CARNARVON CASTLE (p. [206]).

Throughout the whole length of Nant Francon the river OGWEN is a thin, quiet, winding, silvery stream, unsheltered by bush or tree; but as it approaches the Bethesda slate quarries it is shadowed by its first foliage, that seems designed to hide from it the gigantic outrage on which was built the scattered and rather extensive town of Bethesda, and which has made Lord Penrhyn one of the wealthiest members of the House of Lords. Below the fine bridge leading to the quarries the river is lost among deep woods; but, pursuing it further, one comes most unexpectedly on a long and romantic series of cascades, continuing until the Ogwen is lost to sight in a deep hollow filled with mist and foam. The river has a beautiful and picturesque bend as it passes behind the cottages of Bethesda, a mile or so lower down, and thenceforward it becomes a river something like the Llugwy in appearance, tumbling over short cataracts, or wandering deep among woods, or emerging now and again amid pleasant green spaces, its banks shaded by overhanging trees.

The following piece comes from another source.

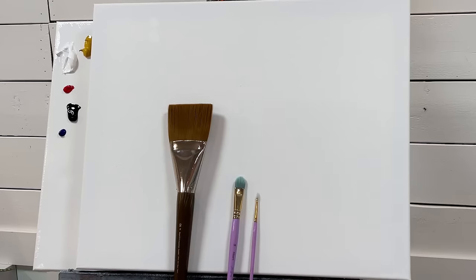Hi everybody, welcome back to my channel for another painting tutorial in acrylics. I'm Joanie Young. If you're new here, thanks so much for joining me today. I'm going to show you all about figure painting today, and I'm going to make it really simple so that you guys can now easily add your own figures to your landscapes and whatever you're painting.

THE SWALLOW FALLS (p. [210]).

As Carnedd Dafydd, and its twin, Llewelyn, are left behind there comes in sight the steep side and dark, rounded summit of Penmaenmawr, and then, on an opposite and less conspicuous eminence, looking over Bangor and the Menai Strait, and surrounded by woods in which the Ogwen is for a while completely hidden, rises Penrhyn Castle, the seat of Lord Penrhyn, with one great square, turreted tower dominating all the country roundabout. Henceforth the river is little seen until it flows out, through a deep ravine, on to the broad, sandy flats which stretch from Bangor to Beaumaris, its short, swift, troubled life ending thus in sunlit peace.

The steep mountain-sides which hem in Lake Ogwen at its foot are so black, bare, rugged, and forbidding, as to suggest the skeleton of an unfinished world. A kindlier scenery opens out beyond the head of the lake, where the river LLUGWY—the first of the tributaries of the Conway which have now to be noticed—after wandering downwards from a small mountain tarn under the shadow of Carnedd Llewelyn, runs through a wild and fine pass to Capel Curig. The valley is hemmed in by the great mountains, and to the south rise the three peaks of Y Tryfan, with the Glyder-Fach in the hollow to its left.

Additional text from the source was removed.